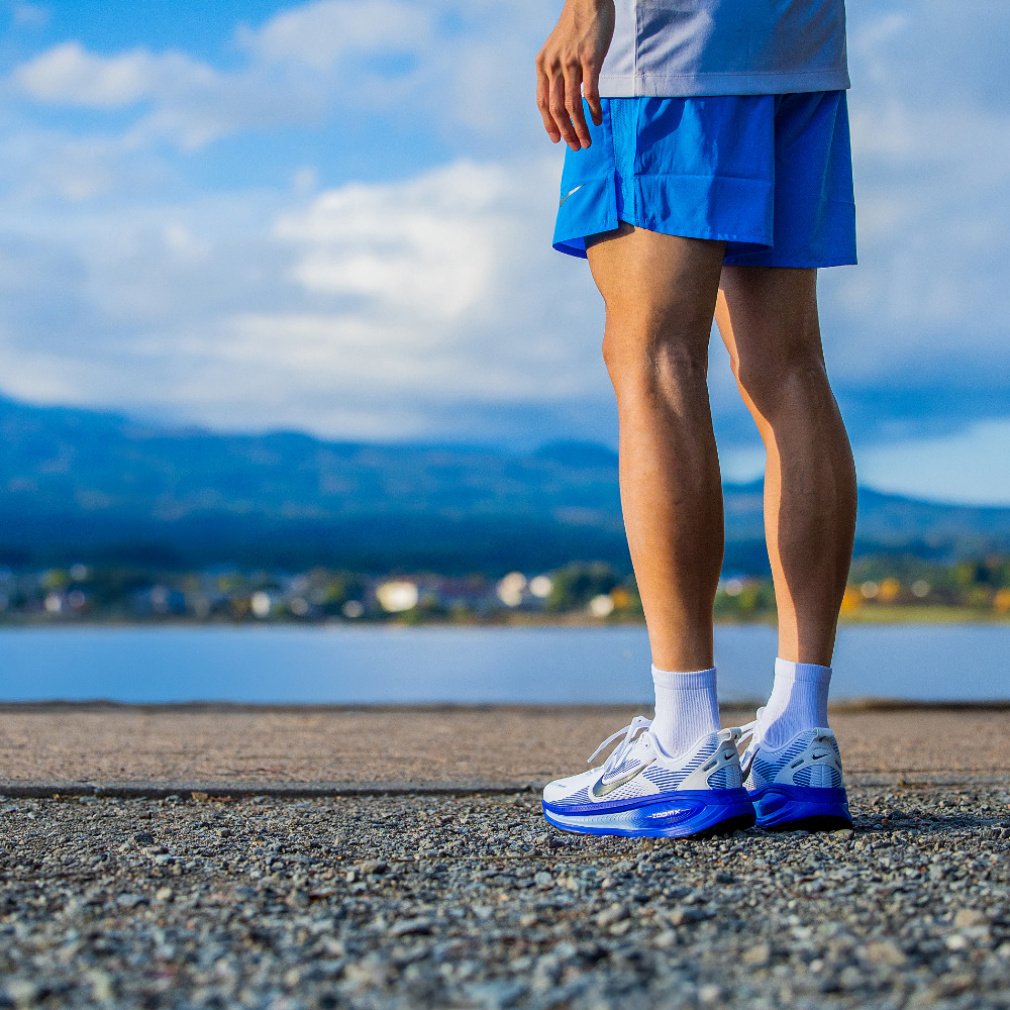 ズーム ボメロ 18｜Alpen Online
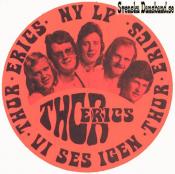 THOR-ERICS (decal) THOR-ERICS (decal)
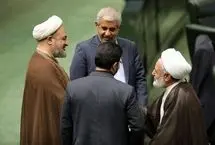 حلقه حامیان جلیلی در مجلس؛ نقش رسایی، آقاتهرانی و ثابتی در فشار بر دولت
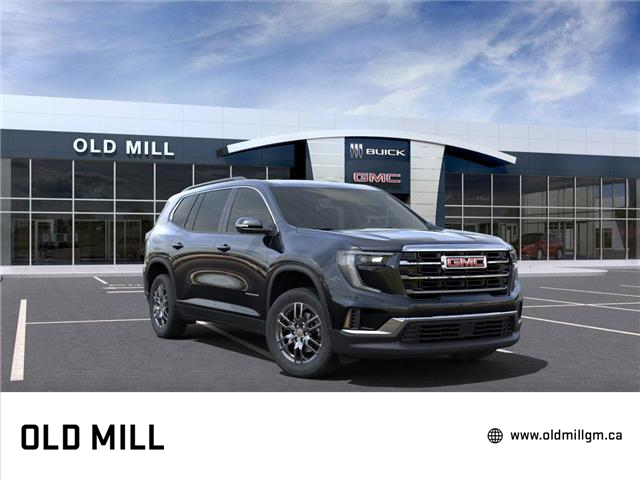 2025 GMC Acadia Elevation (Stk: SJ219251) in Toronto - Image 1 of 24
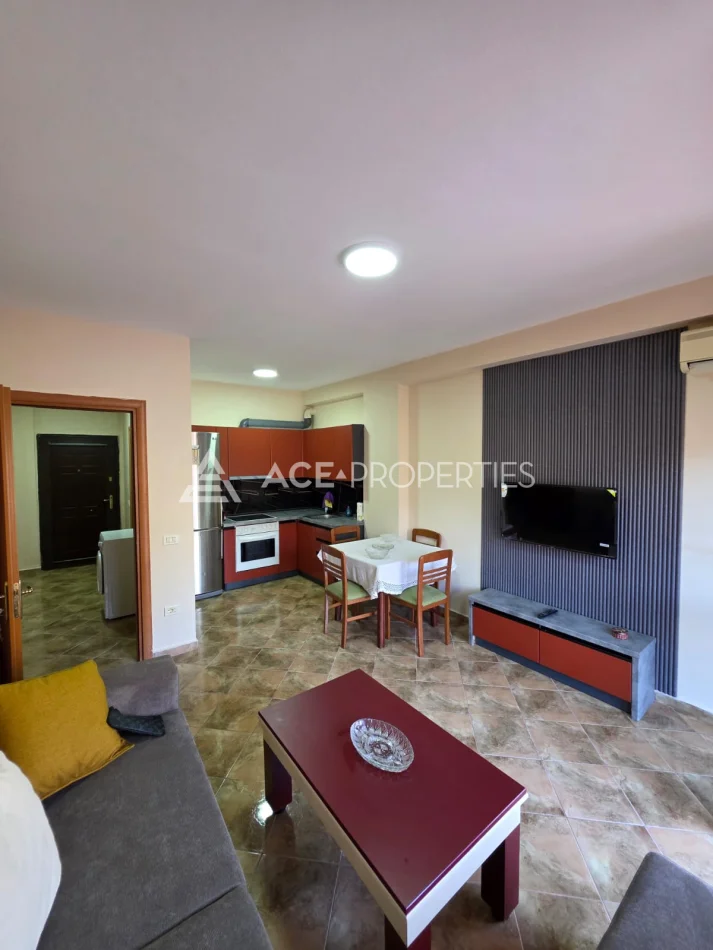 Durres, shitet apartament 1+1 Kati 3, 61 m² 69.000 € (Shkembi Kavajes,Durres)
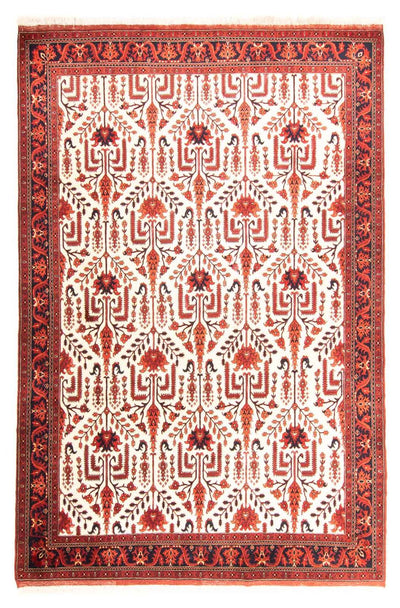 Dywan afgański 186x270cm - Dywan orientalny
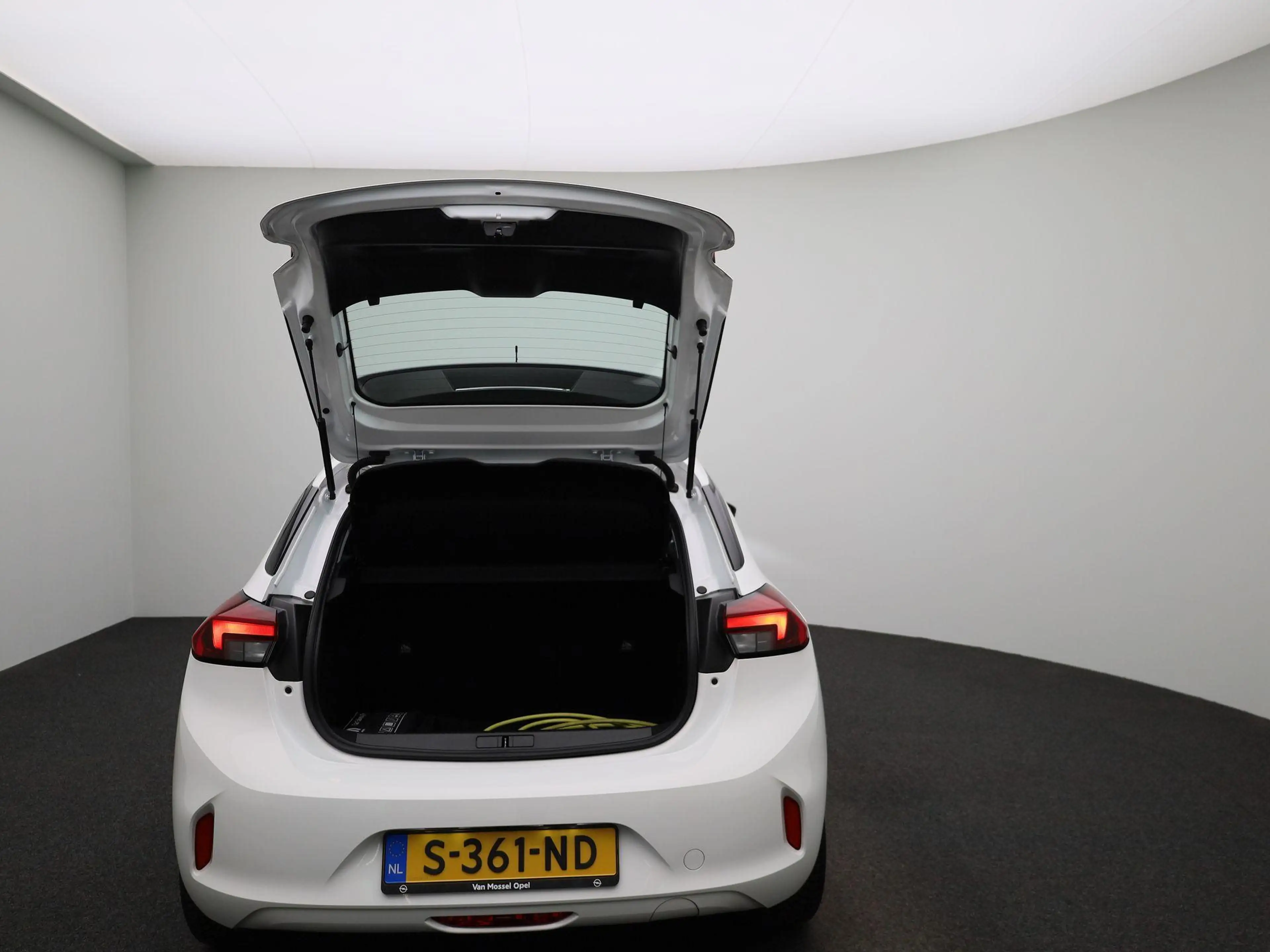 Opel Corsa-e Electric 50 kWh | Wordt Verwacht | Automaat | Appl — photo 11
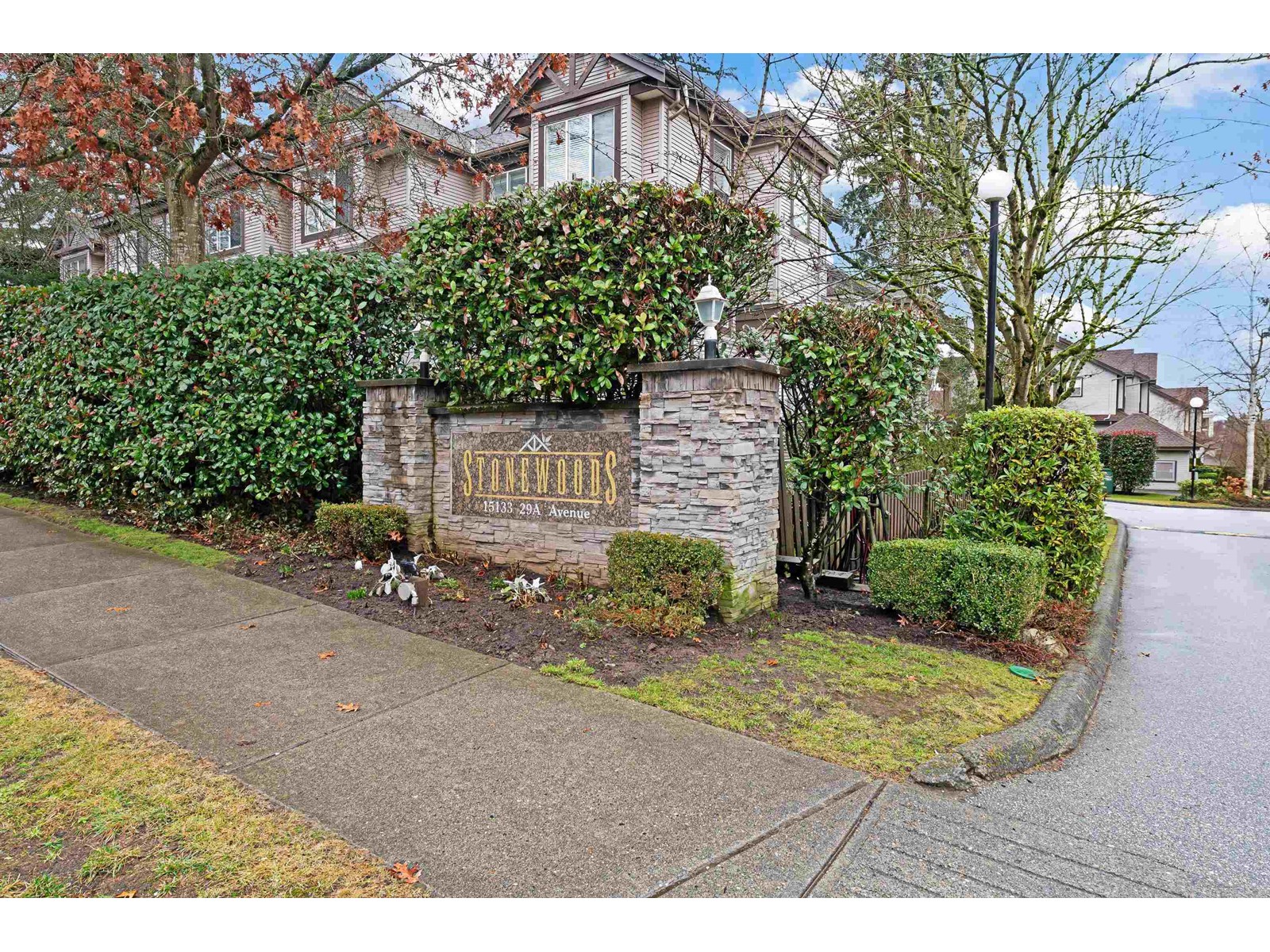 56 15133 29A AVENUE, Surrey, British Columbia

◆ ◆ ◆ ◆ ◆ ◆ ◆

— EXERCISE DESCRIPTION —
Everything in the listing above must be restated word for word, except the images.

— SOLVED PROBLEM —
 ズーム ボメロ 18｜Alpen Online
 THOR-ERICS (decal) THOR-ERICS (decal)
 حلقه حامیان جلیلی در مجلس؛ نقش رسایی، آقاتهرانی و ثابتی در فشار بر دولت
 2025 GMC Acadia Elevation (Stk: SJ219251) in Toronto - Image 1 of 24
 Durres, shitet apartament 1+1 Kati 3, 61 m² 69.000 € (Shkembi Kavajes,Durres)
 Dywan afgański 186x270cm - Dywan orientalny
 Opel Corsa-e Electric 50 kWh | Wordt Verwacht | Automaat | Appl — photo 11
 56 15133 29A AVENUE, Surrey, British Columbia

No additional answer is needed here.